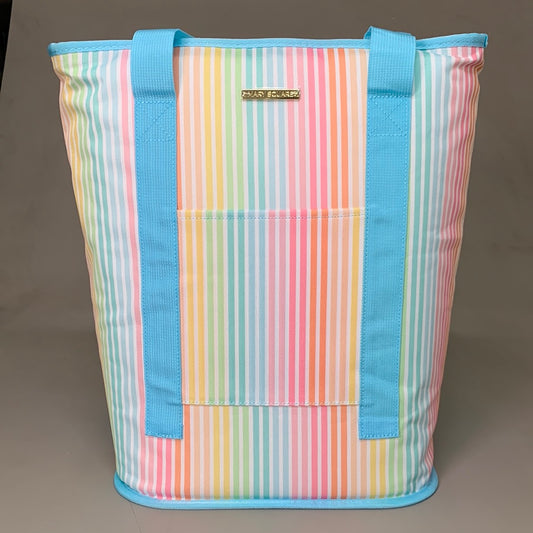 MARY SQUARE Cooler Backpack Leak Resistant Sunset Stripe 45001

* * *

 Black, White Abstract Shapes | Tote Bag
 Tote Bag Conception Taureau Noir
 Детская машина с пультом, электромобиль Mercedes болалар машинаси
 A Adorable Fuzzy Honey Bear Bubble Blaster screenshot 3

* * *

> What you are asked to do
Above are the records; print exactly the lines from the line with "Black, White Abstract Shapes | Tote Bag" to the line with "A Adorable Fuzzy", including both, and nothing else.

> Task output
 Black, White Abstract Shapes | Tote Bag
 Tote Bag Conception Taureau Noir
 Детская машина с пультом, электромобиль Mercedes болалар машинаси
 A Adorable Fuzzy Honey Bear Bubble Blaster screenshot 3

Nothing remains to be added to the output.